Find all continous functions $f:\mathbb{R}\to\mathbb{R}$ such that that for any real $x$ and $y$, $f(f(x+y))=f(x)+f(y)$.
My solution is, let $g(x)=f(x)-f(0)$ and $f(0)=a$. Then $$g(g(x+y)+a)=g(x)+g(y)+a\tag{*}$$ and $g(0)=0$. If we take $y=0$, $g(g(x)+a)=g(x)+a$. It means also $$g(g(x+y)+a)=g(x+y)+a.\tag{**}$$ Then $(*)$ becomes $$g(x)+g(y)+a=g(g(x+y)+a)=g(x+y)+a$$ Which implies $g(x)+g(y)=g(x+y)$ is Cauchy's FE on $\mathbb{R}$($f$ is continous) and from $(**)$, $g(x)=x$ . Therefore $\boxed{f(x)=x+a\quad\forall x, a\in\mathbb{R}}$. Is my solution correct?

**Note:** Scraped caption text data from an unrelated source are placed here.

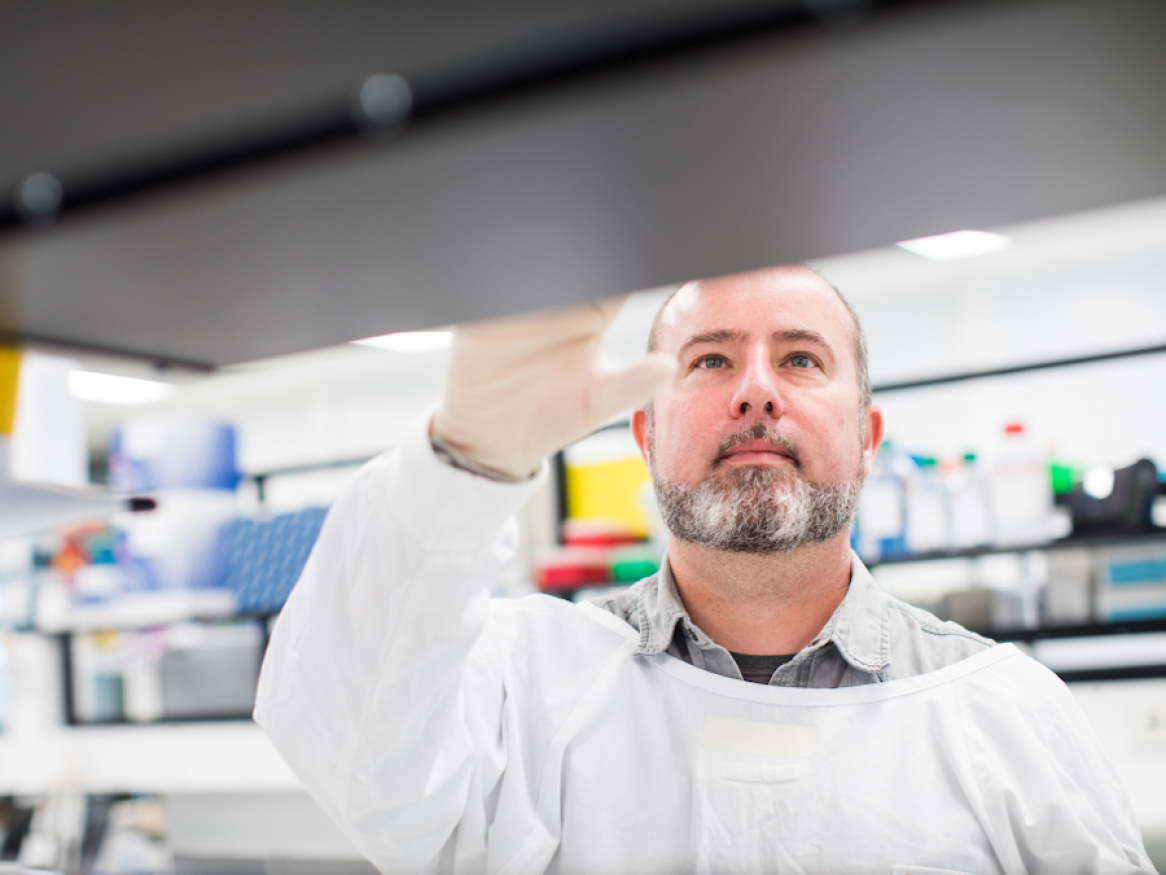 Research Services provides advice and support for University researchers and their sponsors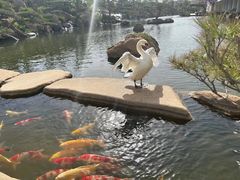 -罗红摄影艺术馆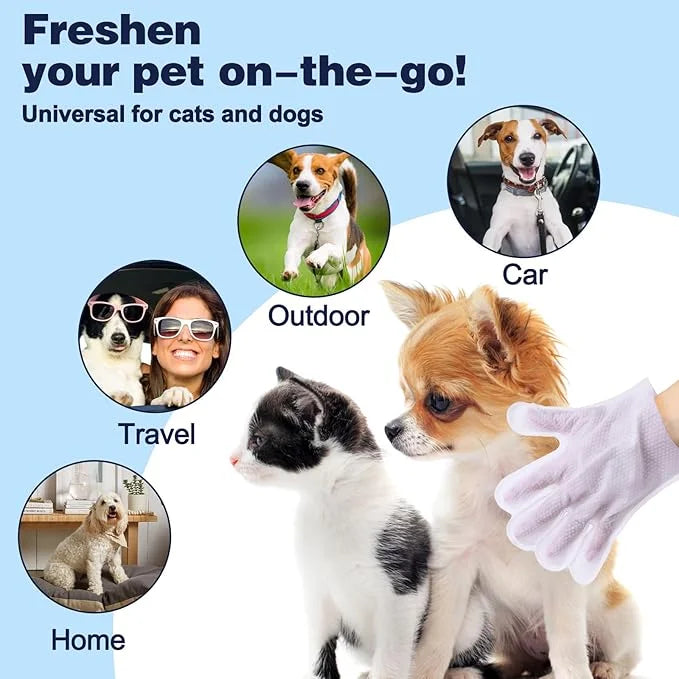 Pet Glove Wipes for Dogs, Dog Cleaning Gloves with Coconut Scented, Dual-Sided Pet Gloves Grooming for Cats with Wipes, Do...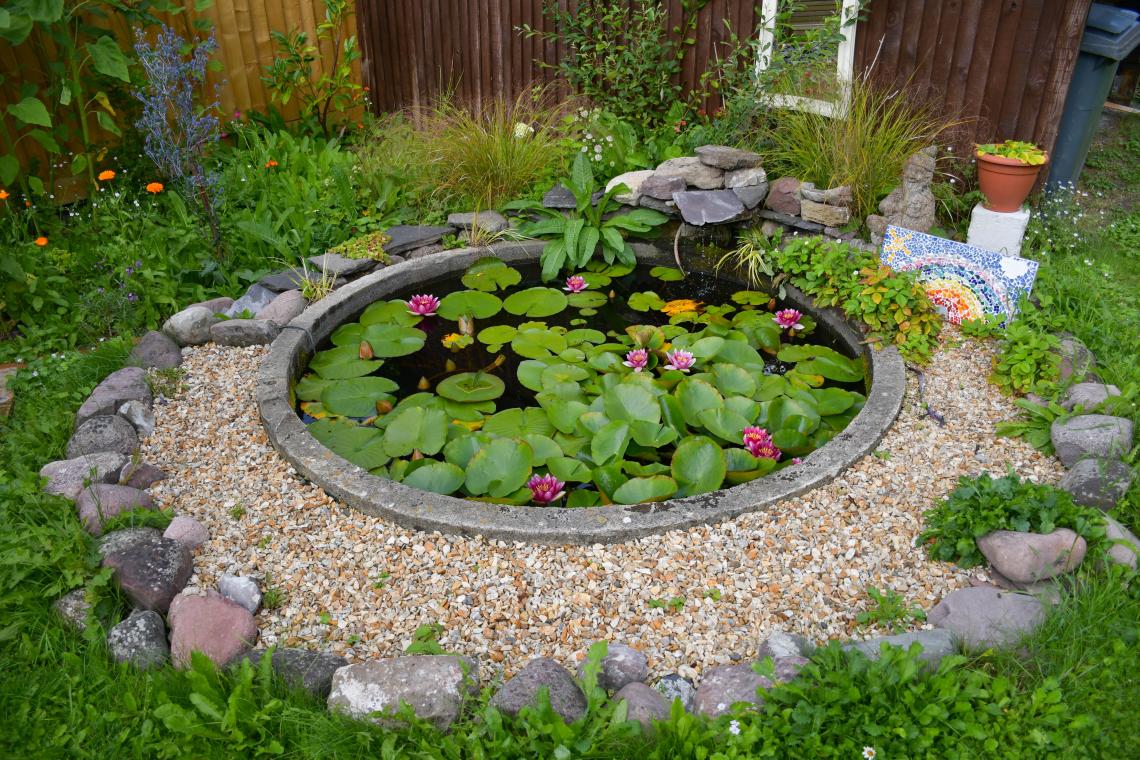 Pond in Victoria House garden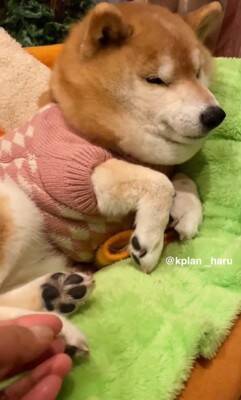 『犬も足の裏くすぐったいのか？』検証してみた結果…想定とは違う『まさかの反応』が14万再生「文句言ってるｗ」「おしゃべり上手で可愛い」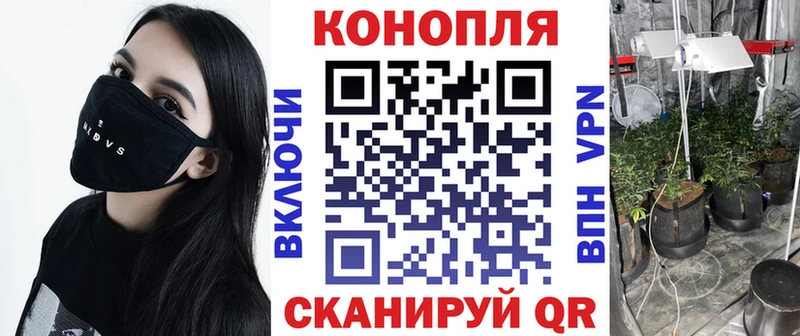 МАРИХУАНА семена Чекалин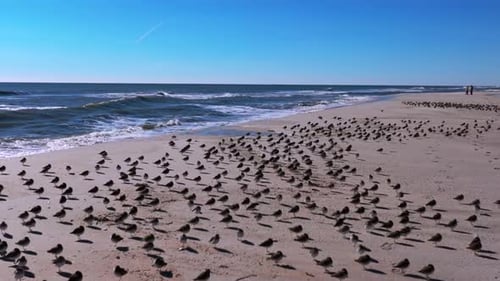 A low angle view of a large flock of sandpipers sunbathing on an empty beach on a sunny day. The dro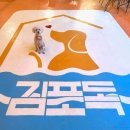 중대형견 모여라! 김포 DOG 힐링파크 방문 후기(서울 근교 강아지 수영장/천연잔디 운동장/포토존까지)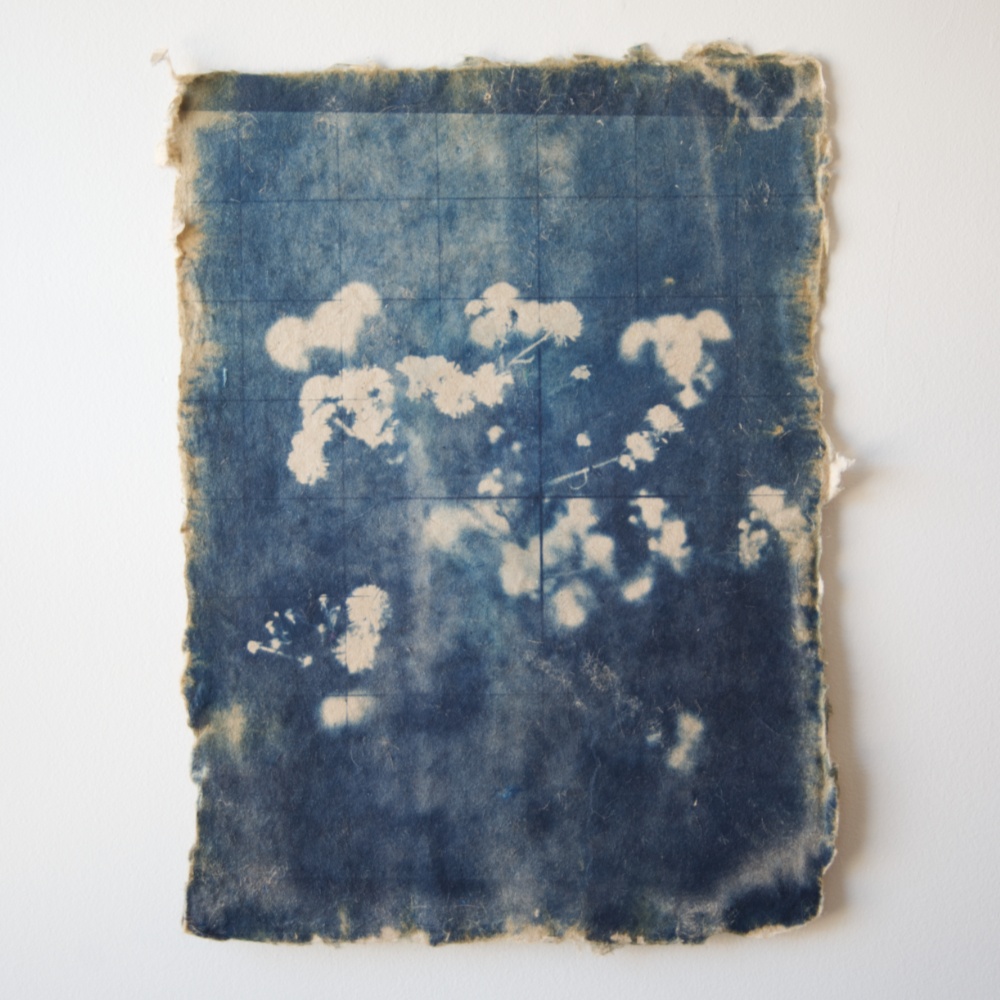 Weeds – Cyanotype print – Amanda Rataj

Your answer is mostly correct.
You’ve ignored the case where $f(x)=0$ For all $x.$
We know from Cauchy that $g(x)=bx$ for some real $b.$ Then your equality $g(g(x)+a)=g(x)+a$ gives:
$$b^2x+ba=bx+a,$$ for all $x.$ So $b^2=b$ and $ba=a.$ If $b=0$ then $a=0.$ Otherwise $b=1.$
Also, you should verify that $f(x)=x+a$ works. That’s an easy step.